Despite being a huge fan of the gifted Italian director Paolo Sorrentino, I have to admit I approached This Must Be The Place with extreme caution, and even after viewing this unconventional film twice, I have to be honest – it is not a movie I would unreservedly recommend. I don’t even know if I can say it’s actually a good film. Yet, while I was anticipating something faintly horrible – a real Sundance-fest of grating, overt quirkiness with a lead performance of near Olympian irritation – I instead found an enormously good natured, beautifully photographed, oddly moving and sometimes very funny film that disarmed and charmed me in equal measure.

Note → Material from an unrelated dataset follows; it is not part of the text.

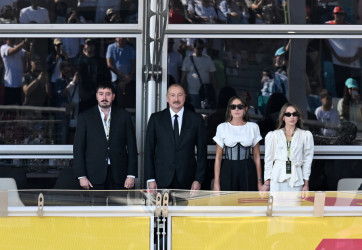 Prezident İlham Əliyev və birinci xanım Mehriban Əliyeva Formula 1 Azərbaycan Qran-Prisinin əsas yarışına baxıblar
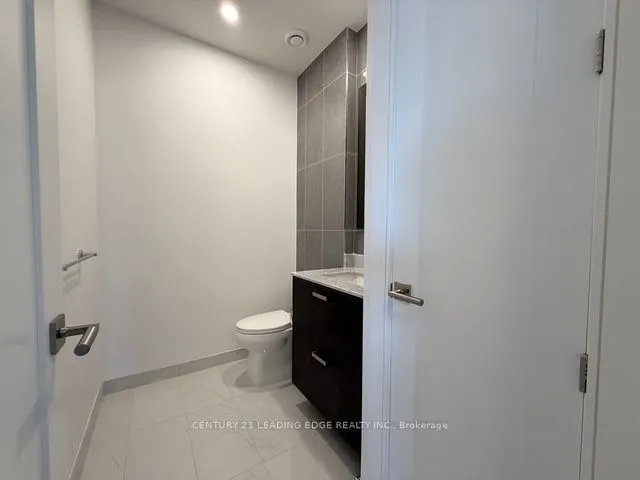 10 INN ON THE PARK Drive, #3304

This is an enormously indulgent work, far less controlled and precise than The Family Friend, Il Divo or – Sorrentino’s best thus far – The Consequences of Love. It’s pleasures (and there are many) will perhaps be most cherished by an audience receptive to the kind of flaky paeans to ‘80s Americana offered by directors like David Lynch, Jonathan Demme and Wim Wenders. Fans of Paris Texas and True Stories will find much that tickles their fancy here, and there are some definite nods to Lynch’s The Straight Story (including a lovely, unexpected cameo from Harry Dean Stanton).
A near-unrecognisable Penn is Cheyenne, an isolated Goth rocker who had a couple of monster hits in the ‘80s before giving up the game entirely. Married to fellow kook and fire-fighter Jane (Frances McDormand) and living in a massive, sprawling house in Dublin, Cheyenne has trouble on his mind. His best friend is a disaffected teenage girl, Mary (Bono’s daughter Eve Hewson), whose brother has disappeared. He remains haunted by the fact that two teenagers topped themselves listening to his million selling hits of ennui back in the day. Cheyenne is a cartoon-like figure who is jolted into reality when he learns of the death of his estranged father. The old man had spent the last years of his life trying to track down this Nazi persecutor from Auschwitz and Cheyenne, a boy-man who has spent the last twenty years doing almost nothing, becomes slowly compelled to track this shadowy figure down – enlisting the services of a professional Nazi hunter (played by Judd Hirsch).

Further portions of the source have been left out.